-- Raw data follows --
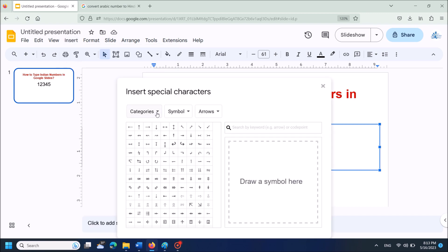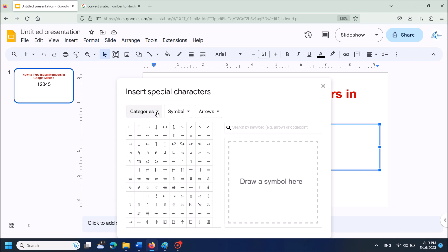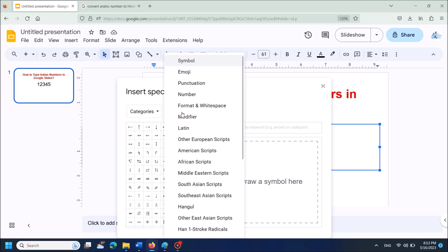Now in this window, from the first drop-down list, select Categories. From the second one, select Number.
-- Raw data concluded --
-- Raw data follows --
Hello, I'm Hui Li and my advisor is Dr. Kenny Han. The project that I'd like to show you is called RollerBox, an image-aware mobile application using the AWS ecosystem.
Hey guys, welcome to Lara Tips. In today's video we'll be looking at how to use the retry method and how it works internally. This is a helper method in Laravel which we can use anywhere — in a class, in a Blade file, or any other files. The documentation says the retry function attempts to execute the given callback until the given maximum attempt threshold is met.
-- Raw data concluded --
> _To do_:
Transcribe each line of the data above, unaltered, from the one where "Hello, I'm Hui" appears to the one where "Hey guys, welcome" appears, inclusive of both.

> _Result of this task_:
Hello, I'm Hui Li and my advisor is Dr. Kenny Han. The project that I'd like to show you is called RollerBox, an image-aware mobile application using the AWS ecosystem.
Hey guys, welcome to Lara Tips. In today's video we'll be looking at how to use the retry method and how it works internally. This is a helper method in Laravel which we can use anywhere — in a class, in a Blade file, or any other files. The documentation says the retry function attempts to execute the given callback until the given maximum attempt threshold is met.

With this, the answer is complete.